The novel "A Most Wanted Man" is available in paperback and for kindle at Amazon and as an audiobook from Audible.
I stopped reading Le Carre some time in the 1980s. I think I decided that Smiley's People was the last novel that captured an already vanishing era. By the 1980s, the USSR was collapsing. There's a reason they never invaded Poland as they had invaded Czechoslovakia and Hungary before. The only thing holding the USSR together was Reagan's military build up and inertia. It was hard to take Cold War spy novels seriously anymore.
I did read a few Charlie Muffin novels though, as an antidote. They were comic, or at least ironic. Charlie was a excellent spy, but no one took him seriously because of his working class background. The USSR, China, the Cold War were all just backdrops for the real struggle, workplace survival. I suppose this was my transition out of the genre. I'll particularly recommend the first book and the movie based on it, but the one set in China is pretty good too.

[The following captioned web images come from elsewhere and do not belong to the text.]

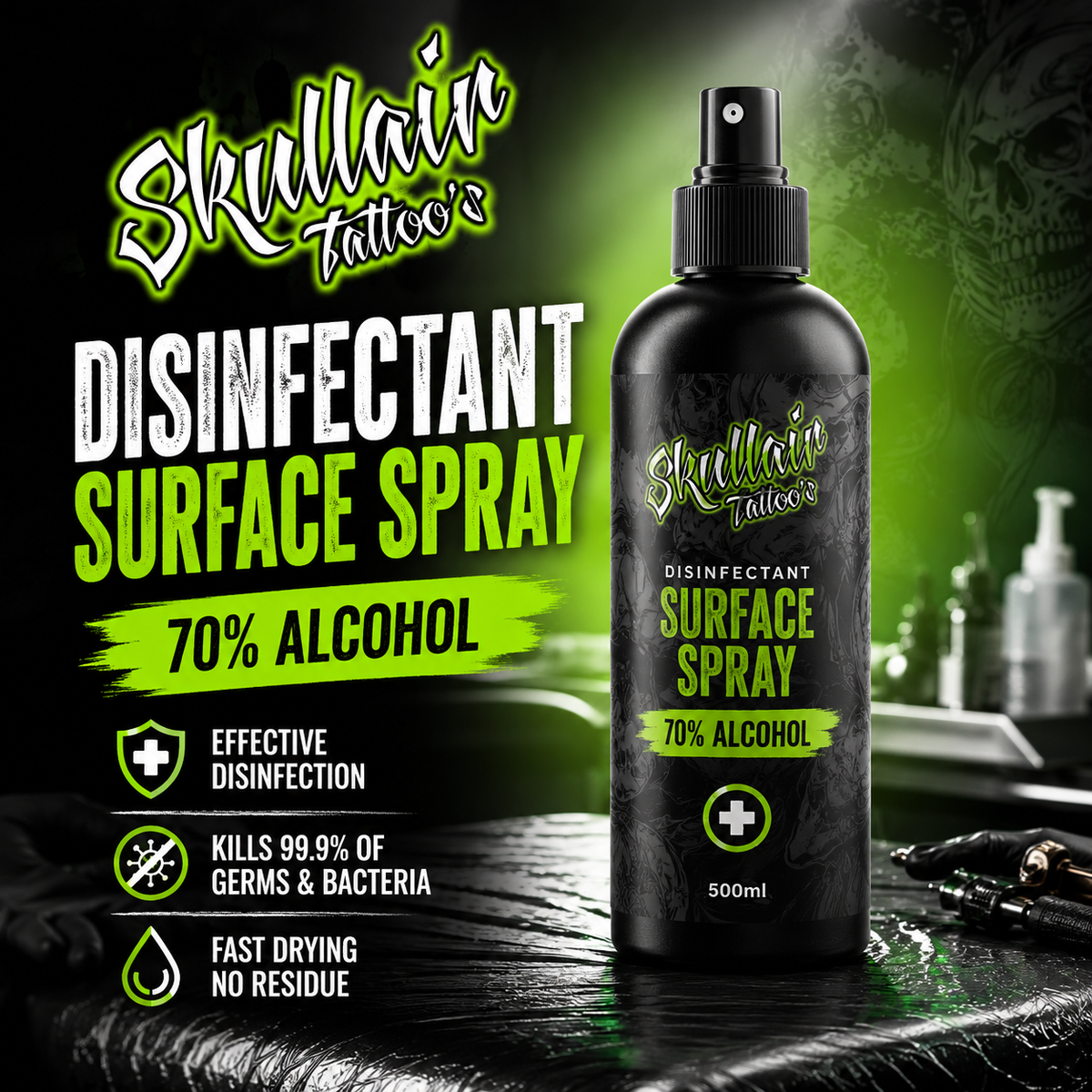 Disinfectant Surface Spray - 70% Alcohol
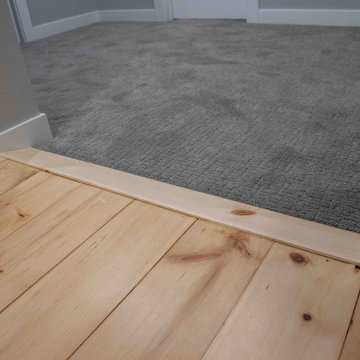 Refinished Basement
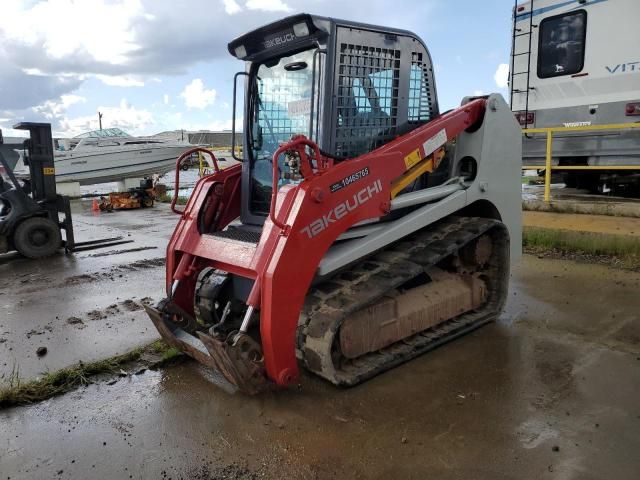 2016 Takeuchi TL10 Tracked Skid Steer Loader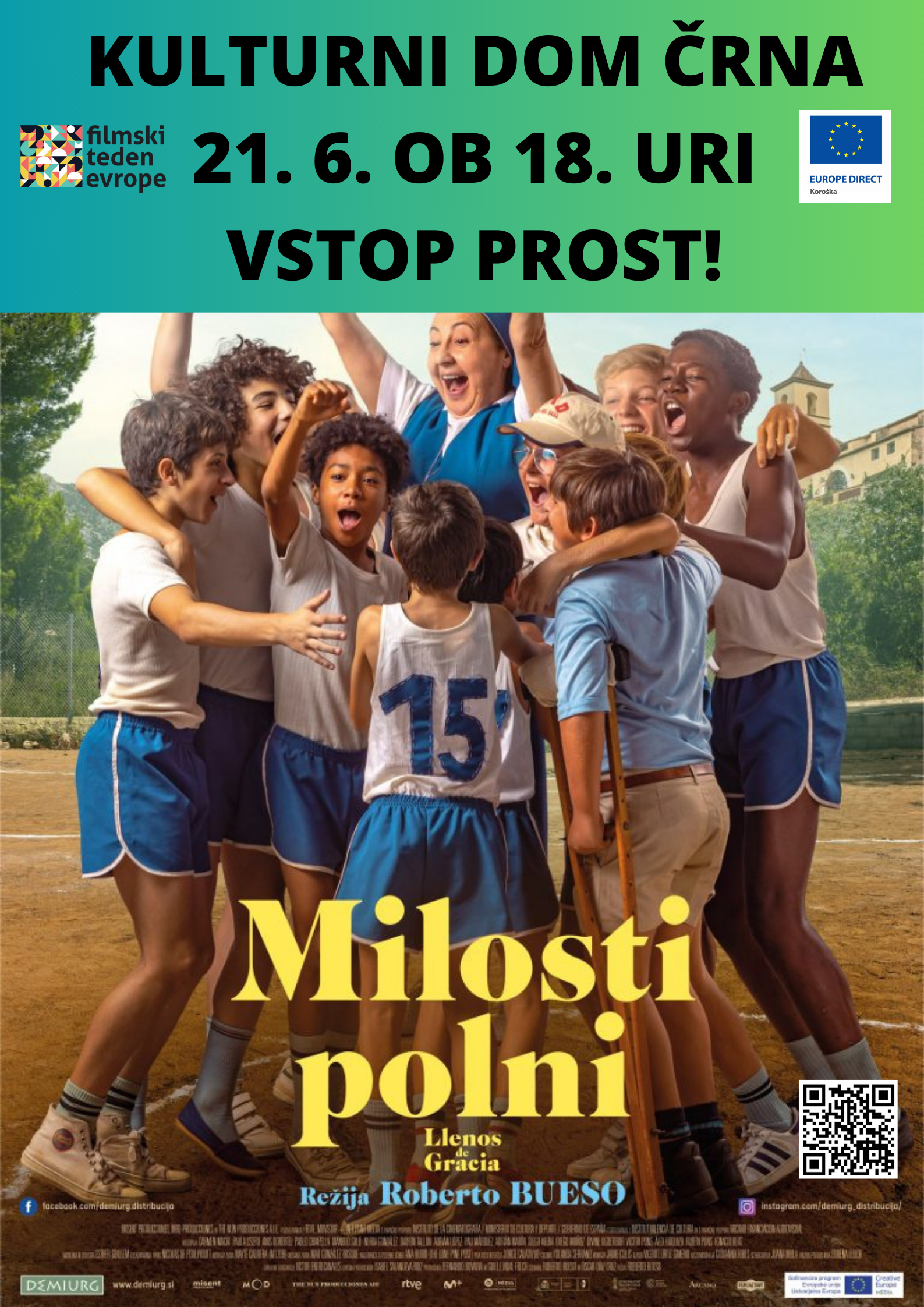Film za mlade Črna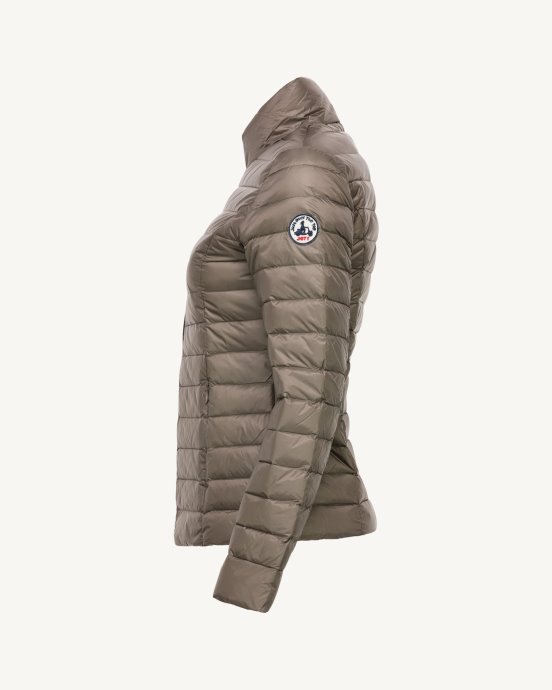 Jott Doudoune Légère New In Taupe Cha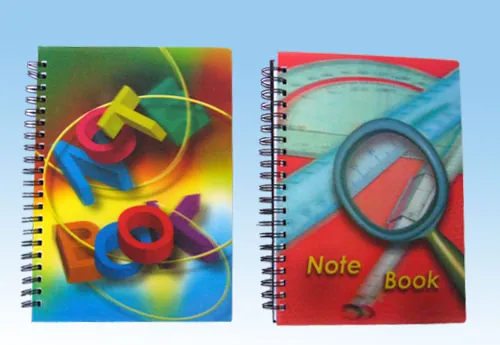 Winding notebook-2 — Winding Notebook With PP Cover manufactured by Sanhua Stationery in Guangzhou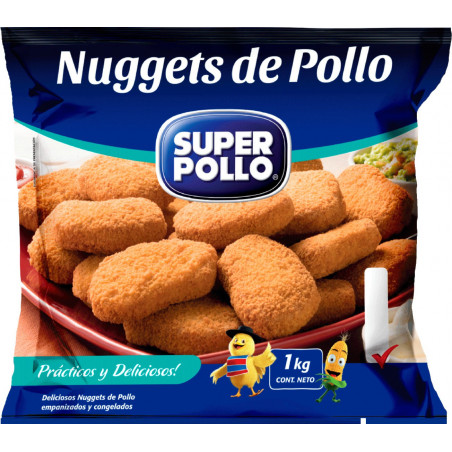 Nuggets de pollo super pollo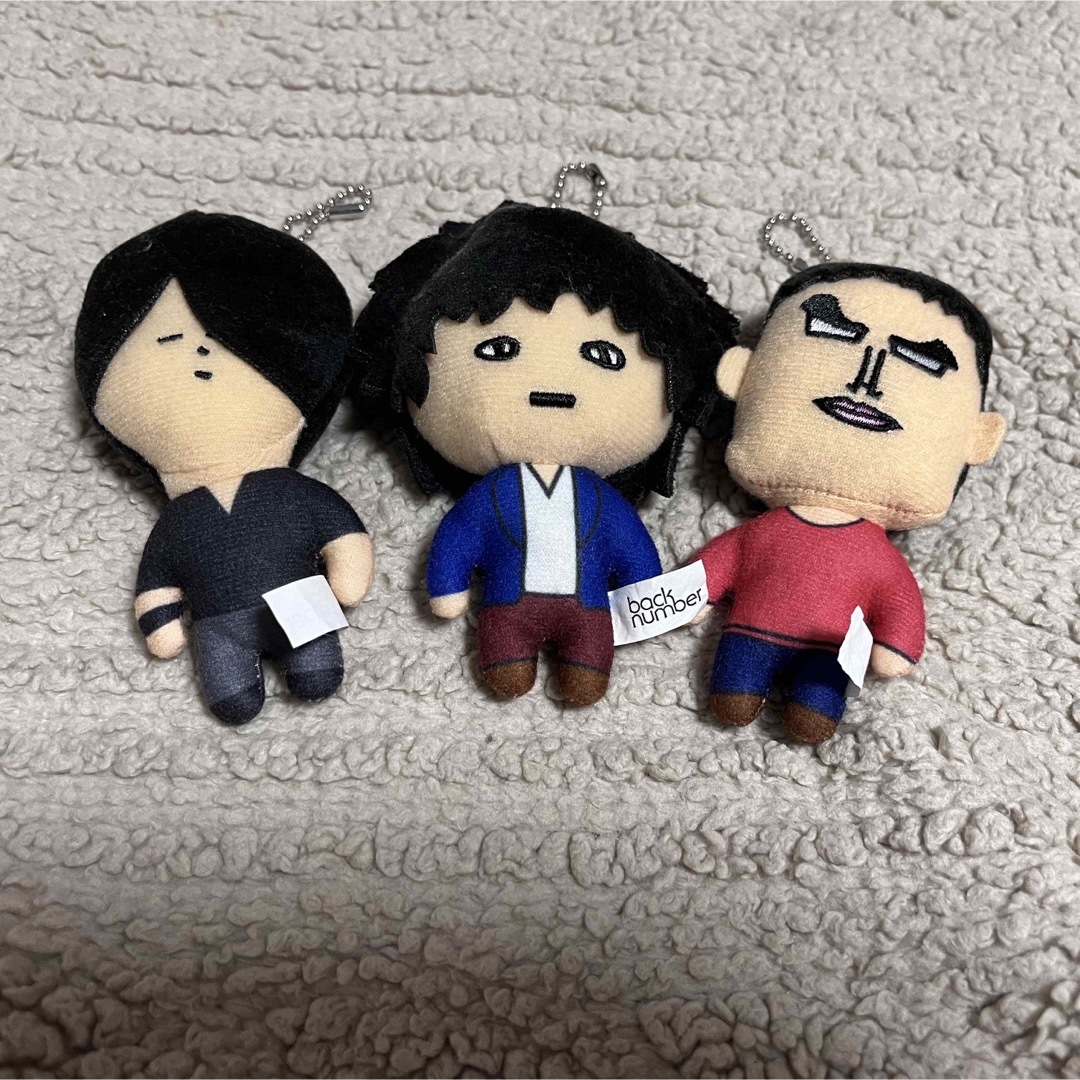 BACK NUMBER - backnumber ぬいぐるみキーホルダーの通販 by rihi's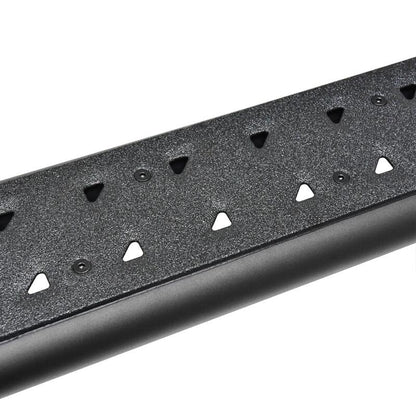 Westin 14-18 Chevrolet/GMC Silv/Seirra 1500 Double Cab Outlaw Nerf Step Bars - Textured Black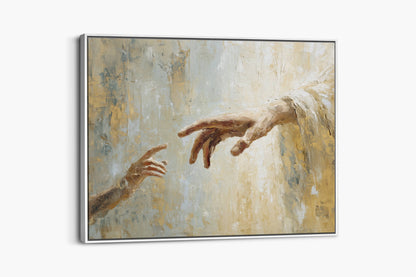 The Touch of Grace | Canvas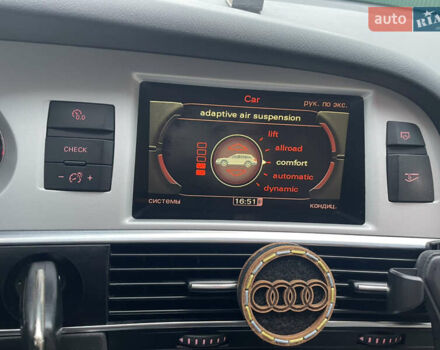 Серый Ауди А6 Олроуд, объемом двигателя 3 л и пробегом 330 тыс. км за 12200 $, фото 43 на Automoto.ua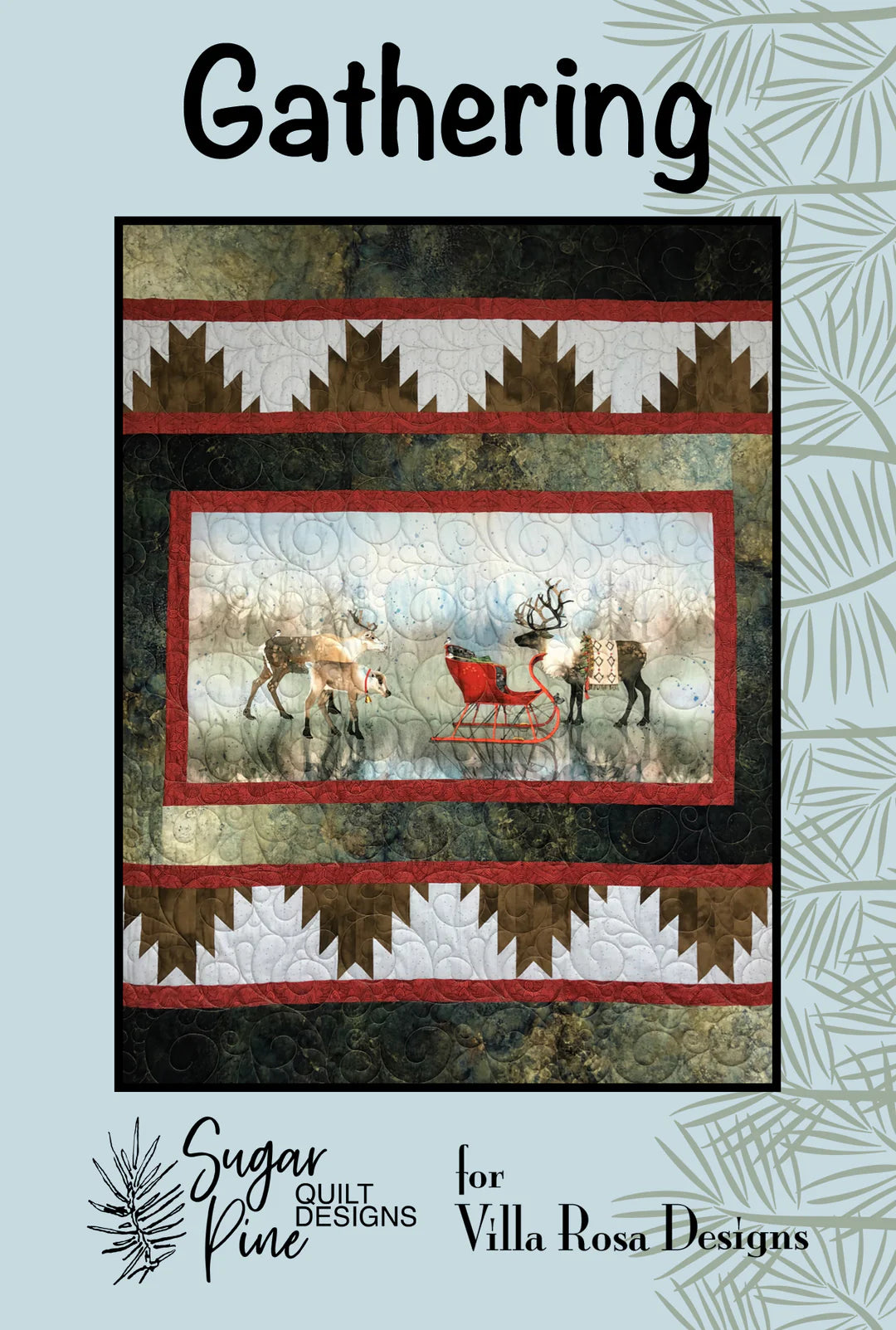 Gathering Pattern Digital Download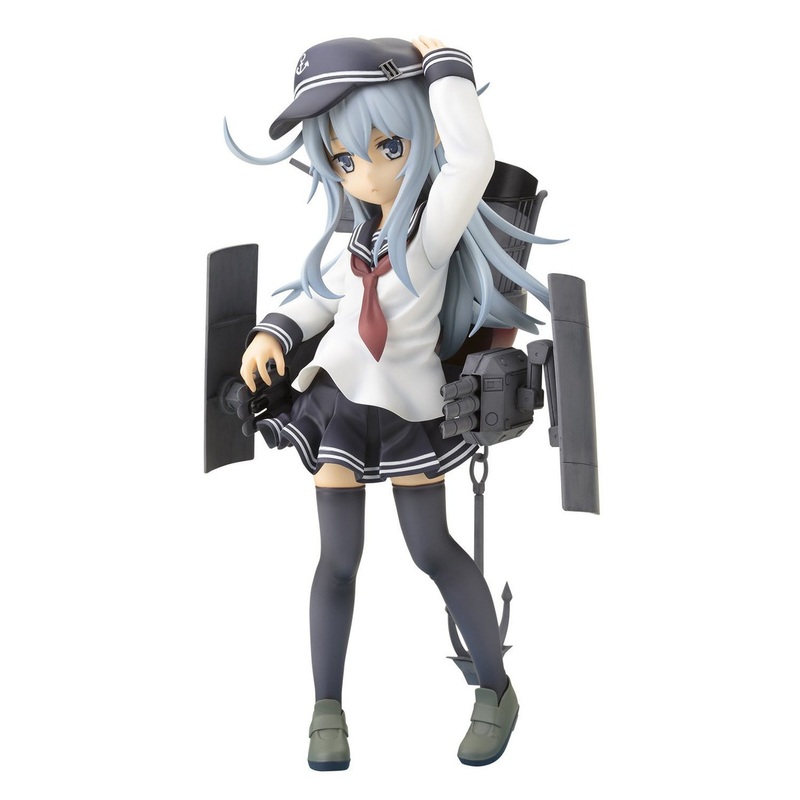 Kotobukiya PP631 Kantai Collection Hibiki Anime Version 1/8 Scale Figure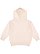 Toddler Pullover Fleece Hoodie Natural Heather 1 Back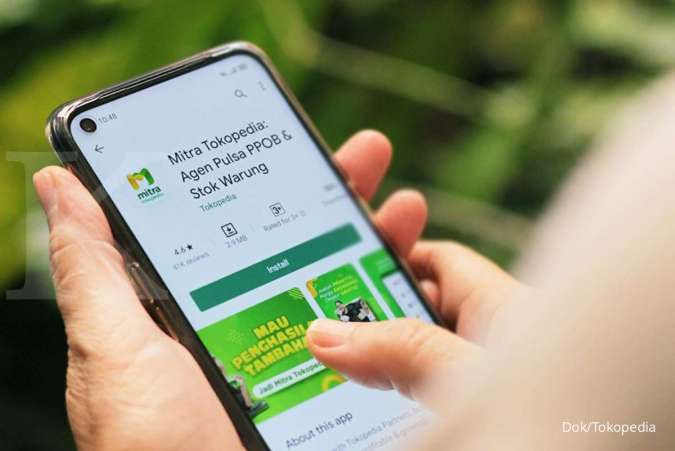 Dua Tahun Mitra Tokopedia Bangkit Bersama Warung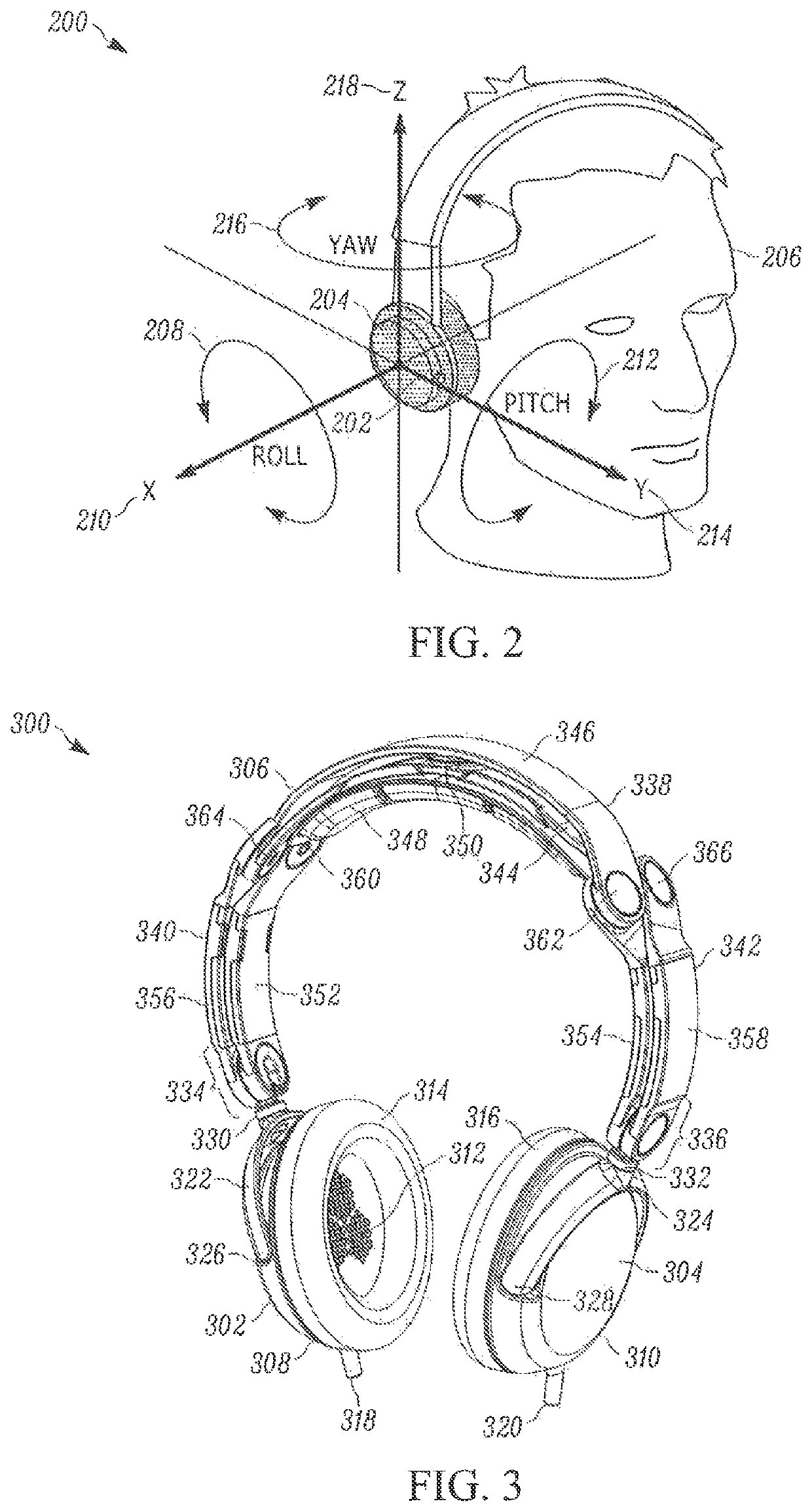 Length-adjustable collapsing headband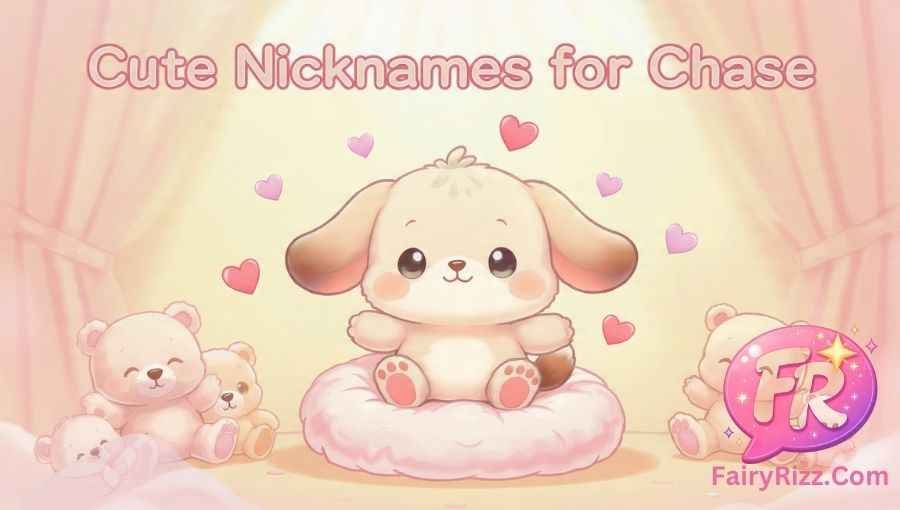 Nicknames for Chase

I haven't done spies in a long time. This may be because I know people who worked in the business, and the golden age of the spy thing seems to have been the 1960s. Still I did enjoy most of the Agence Hardy graphic novels which are set in the late 1940s and early 1950s, if only because they capture the time and place - generally Paris - so well. I also enjoyed that Melissa McCarthy movie. She was a hoot.
Sometimes art is of a time and place. It can be enjoyed in other contexts, but it had its day and its purpose. Years later, it can be appreciated again, but then it can only be enjoyed on different terms. I mean, McCarthy was hoot.
Posted by: Kaleberg | Sunday, May 13, 2018 at 10:25 PM
"[I]s there a name for a book or movie that takes place at the same time with some of the same characters and tells a parallel story as another book or movie in the same series?" A "coinciquel"? A "simulquel"? A "parallelogram"? A "meanwhile"?